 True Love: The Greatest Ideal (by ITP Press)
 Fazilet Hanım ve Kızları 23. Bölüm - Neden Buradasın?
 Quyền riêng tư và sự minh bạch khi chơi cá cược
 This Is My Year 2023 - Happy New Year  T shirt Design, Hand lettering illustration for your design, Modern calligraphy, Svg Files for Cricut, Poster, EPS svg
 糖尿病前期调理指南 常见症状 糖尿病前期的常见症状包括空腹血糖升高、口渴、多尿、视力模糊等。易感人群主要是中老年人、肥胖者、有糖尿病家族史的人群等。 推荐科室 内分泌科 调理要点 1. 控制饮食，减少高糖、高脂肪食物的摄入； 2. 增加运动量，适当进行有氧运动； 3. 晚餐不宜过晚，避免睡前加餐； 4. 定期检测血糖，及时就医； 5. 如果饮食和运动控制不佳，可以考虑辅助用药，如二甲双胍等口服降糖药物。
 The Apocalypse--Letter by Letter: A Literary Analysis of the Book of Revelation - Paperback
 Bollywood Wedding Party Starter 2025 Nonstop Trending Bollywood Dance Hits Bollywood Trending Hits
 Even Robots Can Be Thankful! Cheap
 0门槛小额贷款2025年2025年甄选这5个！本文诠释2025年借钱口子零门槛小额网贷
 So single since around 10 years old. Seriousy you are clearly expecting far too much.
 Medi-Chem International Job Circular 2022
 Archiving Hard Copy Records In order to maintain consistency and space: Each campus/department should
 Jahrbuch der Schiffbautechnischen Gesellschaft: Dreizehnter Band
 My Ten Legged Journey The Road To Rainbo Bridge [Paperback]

....................

Please output, exactly, the lines of the listing from the one containing "Jahrbuch der Schiffbautechnischen" through the last, inclusive, and no other lines.

[Answer below]
 Jahrbuch der Schiffbautechnischen Gesellschaft: Dreizehnter Band
 My Ten Legged Journey The Road To Rainbo Bridge [Paperback]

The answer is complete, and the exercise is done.